Trump Media co-founders Andy Litinsky, Wes Moss sue to keep stake in company

The co-founders of former president Donald Trump’s media company filed a lawsuit Wednesday, claiming that Trump and other leaders had schemed to deprive them of a stake in the company that could be worth hundreds of millions of dollars.

The case could complicate a long-delayed bid by Trump Media & Technology Group, owner of the social network Truth Social, to merge with a special purpose acquisition company called Digital World Acquisition and become a publicly traded company.

That merger deal, which could value Trump’s stake in the company at more than $3 billion, would offer the former president a financial lifeline at a time when he is facing more than $454 million in penalties from a civil fraud judgment this month in New York.

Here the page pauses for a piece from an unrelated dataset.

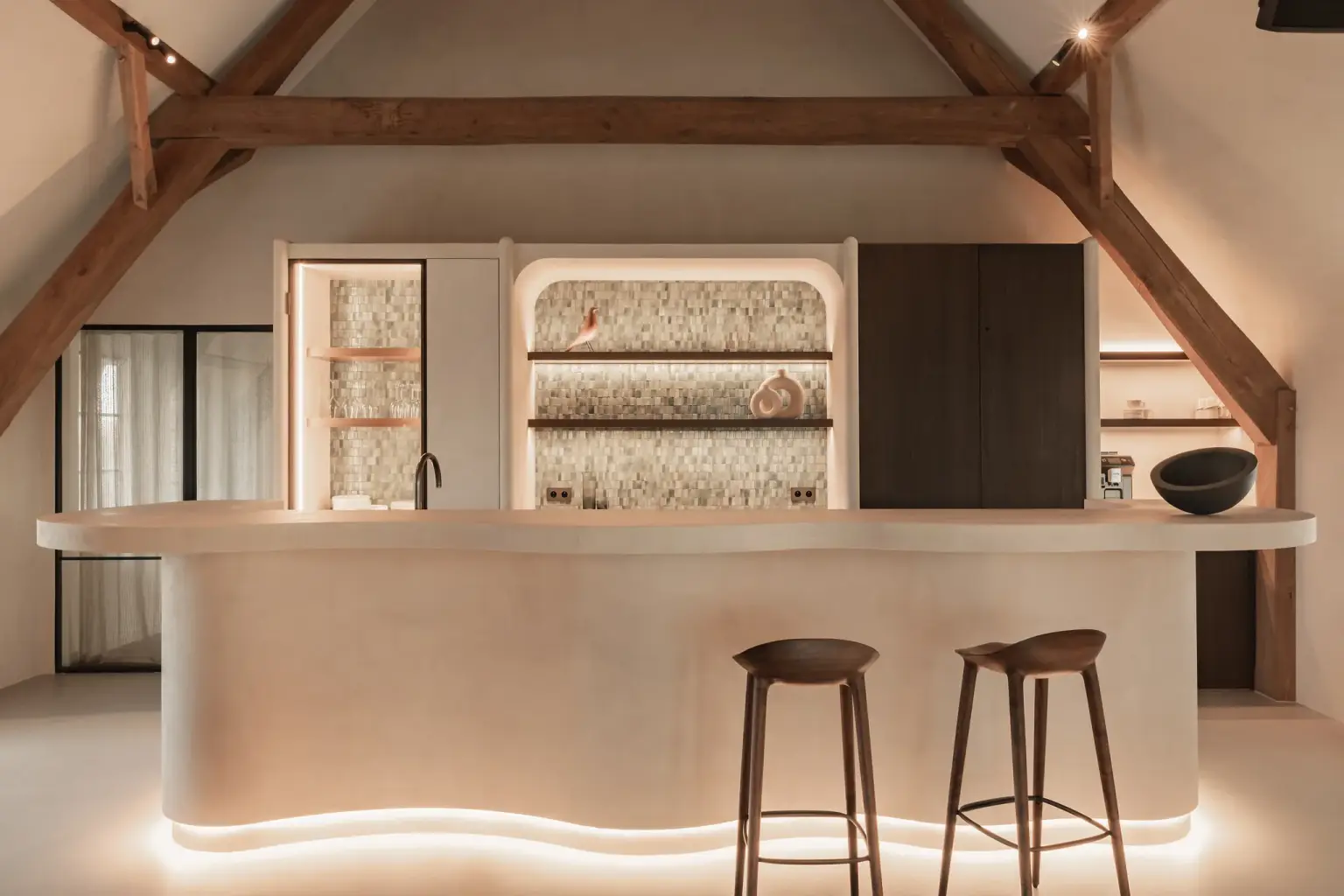 Keukeneiland met barkrukken voor een nis met verlichte planken en tegelrugwand, Schuur in Westkapelle, interieur Laura Calleeuw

Representatives for Trump, Trump Media and Digital World did not immediately respond to requests for comment.

Andy Litinsky and Wes Moss, who met Trump as contestants on his reality show “The Apprentice,” pitched Trump on the idea of a Trump-branded tech start-up and social media platform in early 2021 after he lost the White House and was banned from Twitter, now called X.

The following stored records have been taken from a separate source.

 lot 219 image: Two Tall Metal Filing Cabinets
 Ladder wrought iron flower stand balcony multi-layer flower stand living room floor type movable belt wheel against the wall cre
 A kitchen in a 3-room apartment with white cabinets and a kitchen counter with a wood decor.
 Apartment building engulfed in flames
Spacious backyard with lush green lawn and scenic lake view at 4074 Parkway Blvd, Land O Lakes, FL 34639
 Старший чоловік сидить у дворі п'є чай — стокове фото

Trump agreed to the deal and was given 90 percent of the company, according to a motion for expedited proceedings filed Wednesday in the Delaware Court of Chancery by the co-founders’ partnership, United Atlantic Ventures. The partnership took 8.6 percent, while an attorney on the deal, Bradford Cohen, was given the remaining 1.4 percent, the motion states.

UAV launched the Trump Media business, hired employees and raised funding while receiving no “fee or payment for its work,” the motion said. And though Litinsky and Moss left Trump Media that year amid a dispute with its current leadership, UAV retained its shares, according to a Securities and Exchange Commission filing this month from Digital World.

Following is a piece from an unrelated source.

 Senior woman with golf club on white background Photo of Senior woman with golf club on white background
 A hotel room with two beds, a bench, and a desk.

The filing said that Trump was set to receive 78 million shares in the post-merger company — a stake worth $3.5 billion at today’s share price — and that UAV would receive more than 7 million shares, a stake worth about $339 million. “Throughout TMTG’s corporate history,” the motion states, “UAV’s 8.6 percent ownership interest has been recognized and honored.”

But UAV’s attorneys allege in the motion that Trump has recently attempted to “drastically dilute” the partnership’s stake as part of what they called an “11th hour, pre-merger corporate maneuvering” tactic designed to increase the amount of authorized stock, from 120 million shares to 1 billion shares.

UAV’s attorneys wrote that the “dilution scheme” had “no legitimate business purpose” and suggested that Trump and the Trump Media board planned to issue the new shares to “Trump and/or his associates and children,” watering down UAV’s stake to less than 1 percent.

UAV was “promised 8.6 percent of this company and sadly its business partners are baselessly trying to renege,” said the partnership’s lead attorney, Christopher J. Clark of Clark Smith Villazor, in an interview with The Washington Post describing the lawsuit. “They feel like: We made Truth Social for you. You get 90 percent. But some people just aren’t happy with 90 percent.”

Clark has represented high-profile defendants including Hunter Biden, Elon Musk and billionaire businessman Mark Cuban. After representing President Biden’s son for several years in negotiations related to a Justice Department investigation, Clark stepped down in August due to the possibility that he could be called to testify as a witness on Hunter Biden’s behalf.

In the filing, Digital World said the proposed issuing of 1 billion shares in “New Digital World” stock was part of a set of post-merger business changes. The SEC declared this month that the merger’s registration statement was effective, clearing the way for Digital World’s shareholders to vote to finalize the merger in a meeting next month.